A new range of Greek-inspired forms was added to the repertoire of Egyptian pottery in the late fourth to early third century BC, including ‘Black Ware’ imitating Greek black-glazed vessels (Marchand 2002, 2013; Gill 2012). Our analyses show a uniform recipe being used in its manufacture at different Nile Delta sites, a very silty paste, slipped and fired at high temperatures, which represents a departure from the finer wares of both earlier Egyptian and Greek tradition in Egypt. It seems that plant ash was used in the slip on the vessel from Tanis (no. 30), presumably to improve its dispersion and appearance.

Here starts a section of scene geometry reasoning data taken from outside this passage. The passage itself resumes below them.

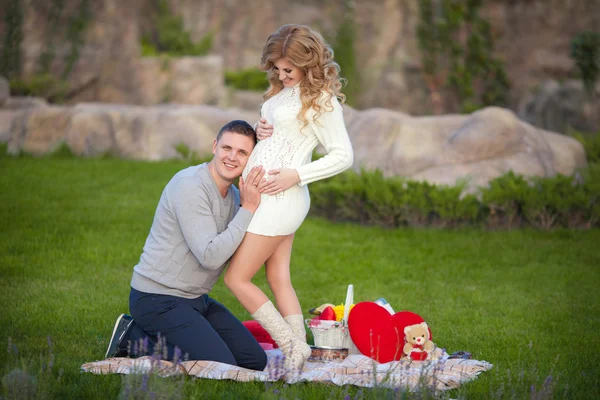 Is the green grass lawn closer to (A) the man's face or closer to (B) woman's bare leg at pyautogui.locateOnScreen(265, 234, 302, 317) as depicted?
(B) woman's bare leg at pyautogui.locateOnScreen(265, 234, 302, 317)

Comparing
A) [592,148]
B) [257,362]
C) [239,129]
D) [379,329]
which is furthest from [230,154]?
[592,148]

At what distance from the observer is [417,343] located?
15.3ft

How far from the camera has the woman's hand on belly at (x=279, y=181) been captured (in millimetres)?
4367

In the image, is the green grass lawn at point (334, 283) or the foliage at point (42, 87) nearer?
the green grass lawn at point (334, 283)

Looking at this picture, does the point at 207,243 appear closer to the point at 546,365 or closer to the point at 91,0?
the point at 546,365

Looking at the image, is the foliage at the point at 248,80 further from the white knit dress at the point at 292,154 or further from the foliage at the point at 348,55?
→ the white knit dress at the point at 292,154

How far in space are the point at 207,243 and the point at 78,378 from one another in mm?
988

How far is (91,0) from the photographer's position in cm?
1652

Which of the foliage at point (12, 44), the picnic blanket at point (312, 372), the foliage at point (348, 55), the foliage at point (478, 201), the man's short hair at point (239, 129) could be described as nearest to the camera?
the picnic blanket at point (312, 372)

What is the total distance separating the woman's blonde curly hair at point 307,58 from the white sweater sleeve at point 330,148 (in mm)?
51

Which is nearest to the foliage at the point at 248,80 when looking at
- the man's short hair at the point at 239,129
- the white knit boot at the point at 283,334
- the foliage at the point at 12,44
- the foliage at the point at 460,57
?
the foliage at the point at 460,57

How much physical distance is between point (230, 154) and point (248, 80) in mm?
14443

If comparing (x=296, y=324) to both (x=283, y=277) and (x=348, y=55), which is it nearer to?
(x=283, y=277)

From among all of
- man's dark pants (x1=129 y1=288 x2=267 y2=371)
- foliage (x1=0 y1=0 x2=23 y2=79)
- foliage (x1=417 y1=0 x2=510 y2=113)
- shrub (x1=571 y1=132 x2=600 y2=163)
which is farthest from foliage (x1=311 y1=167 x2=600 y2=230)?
foliage (x1=0 y1=0 x2=23 y2=79) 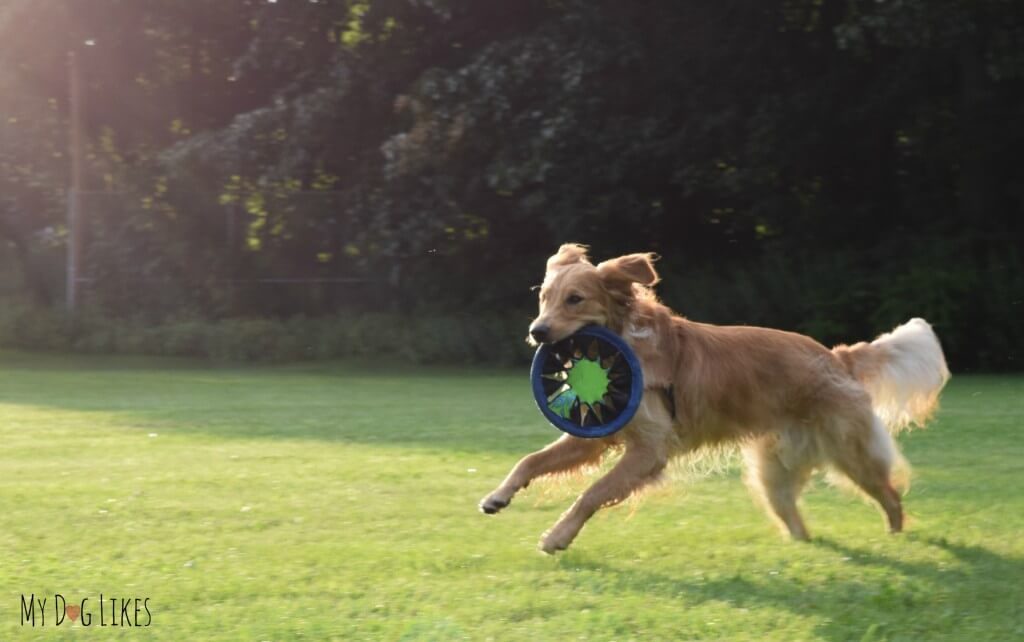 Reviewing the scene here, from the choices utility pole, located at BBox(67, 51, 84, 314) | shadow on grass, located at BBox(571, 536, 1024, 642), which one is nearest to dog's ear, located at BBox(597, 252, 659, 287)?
shadow on grass, located at BBox(571, 536, 1024, 642)

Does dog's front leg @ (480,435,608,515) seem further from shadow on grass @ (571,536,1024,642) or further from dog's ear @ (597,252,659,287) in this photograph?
dog's ear @ (597,252,659,287)

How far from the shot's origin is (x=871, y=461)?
7.56m

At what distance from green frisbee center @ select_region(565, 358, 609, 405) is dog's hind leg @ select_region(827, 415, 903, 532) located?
133cm

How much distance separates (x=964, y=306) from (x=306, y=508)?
13207mm

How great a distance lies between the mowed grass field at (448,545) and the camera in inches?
221

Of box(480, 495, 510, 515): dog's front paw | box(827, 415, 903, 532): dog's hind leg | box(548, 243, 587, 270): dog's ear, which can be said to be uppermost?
box(548, 243, 587, 270): dog's ear

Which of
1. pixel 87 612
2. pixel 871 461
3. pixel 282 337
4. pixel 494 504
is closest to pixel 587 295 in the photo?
pixel 494 504

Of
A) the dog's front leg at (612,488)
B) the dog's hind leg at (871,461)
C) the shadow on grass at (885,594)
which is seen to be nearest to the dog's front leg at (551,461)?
the dog's front leg at (612,488)

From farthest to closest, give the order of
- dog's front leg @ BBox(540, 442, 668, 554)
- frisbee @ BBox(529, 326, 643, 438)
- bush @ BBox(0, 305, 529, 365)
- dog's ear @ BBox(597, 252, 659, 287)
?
1. bush @ BBox(0, 305, 529, 365)
2. dog's ear @ BBox(597, 252, 659, 287)
3. frisbee @ BBox(529, 326, 643, 438)
4. dog's front leg @ BBox(540, 442, 668, 554)

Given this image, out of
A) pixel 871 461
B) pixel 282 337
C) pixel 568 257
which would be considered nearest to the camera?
pixel 871 461

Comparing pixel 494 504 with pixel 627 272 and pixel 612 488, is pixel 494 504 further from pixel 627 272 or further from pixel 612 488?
pixel 627 272

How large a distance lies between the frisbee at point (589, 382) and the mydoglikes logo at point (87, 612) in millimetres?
2369

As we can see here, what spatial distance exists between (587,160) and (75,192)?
9535 mm

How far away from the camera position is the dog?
7215 mm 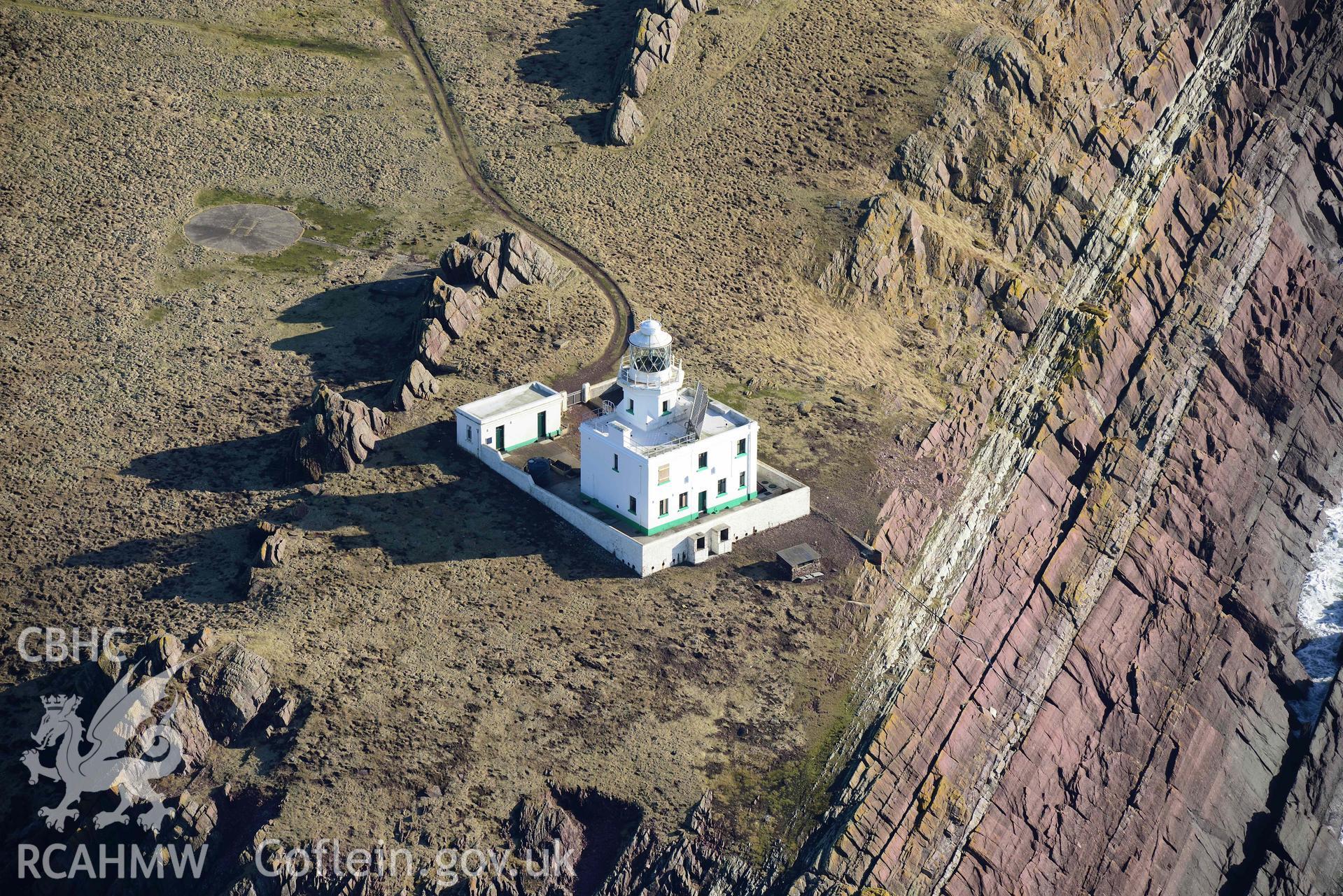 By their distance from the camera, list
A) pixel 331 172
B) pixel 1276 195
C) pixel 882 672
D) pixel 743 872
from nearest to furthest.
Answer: pixel 743 872, pixel 882 672, pixel 331 172, pixel 1276 195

That aiding the fluxing or flocculation of black glazes was a long-standing concern of Greek potters is suggested by recent analyses that have noted increased levels of Zn in the refined clay suspensions used to coat the Greek black-glazed wares that Egyptian BW imitates, which were achieved either by the addition of certain substances (Walton et al. 2015; cf. Maish et al. 2006, 10) or by sourcing special clays naturally rich in Zn (Chaviara and Aloupi-Siotis 2016). Potash appears not to have been used for this purpose, though it could be added to the white kaolinite slips of Classical Attic wares (Noll et al. 1975; Noll 1991, 166). In an Egyptian context, however, the use of potash could also have been inspired by local faience production: the use of mixed alkali plant ash as a flux in glazed composition (faience) production had a long tradition in Egypt, even if during the first millennium BC this was widely replaced by natron (Tite et al. 2006). The technology of the Tanis BW slip could thus represent an instance of technology transmission not just across cultural boundaries but between different crafts.

Conclusions

The paper demonstrates the value of combining multiple analytical techniques when addressing archaeological and historical questions, establishing that using more than one approach is necessary to reduce the risk of misinterpreting the results of a single technique. It confirms the difficulty of detecting regional variation among the chemical uniform alluvial Nile clay and suggests that NAA is more effective in more diverse geological environments. It also highlights the potential of still underexploited scientific techniques, such as the chemical study of slips.

The research shows that it is possible to detect manmade differences between ceramic assemblages which come from relatively uniform natural settings. Technological traditions, such as levigation, temper addition, firing temperatures and slip recipes, can be analysed to identify different workshops and investigate possible technological transfer. Variations in slip composition were particularly helpful to distinguish ceramics made with very similar pastes, also suggesting processes of adaptation and perhaps cross-fertilisation between crafts.

Results confirm the existence of Greek-style pottery workshops in the Nile Delta from the early sixth century BC onwards, concentrated at but not necessarily confined to the site of Naukratis. While immigrant potters maintained Greek technological traditions, such as avoiding the organic inclusions that are typical for contemporaneous Egyptian wares, there are also instances of adaptation and change, notably in slip recipes. The geographically widespread production of ‘Black Wares’ imitating imported Greek black-glaze pottery from the Ptolemaic period onwards reveals a diversity of technological approaches to achieve a superficially similar appearance. Given the complexity of the material included here and of its historical context (e.g. diversity of shapes, social and ethnic complexity, chronological variability, potential for trade/specialisation), it would be necessary to analyse a much larger number of objects by PLM and SEM-EDX to more fully address the archaeological questions raised. However, the case study has contributed by indicating possible pathways for such future research.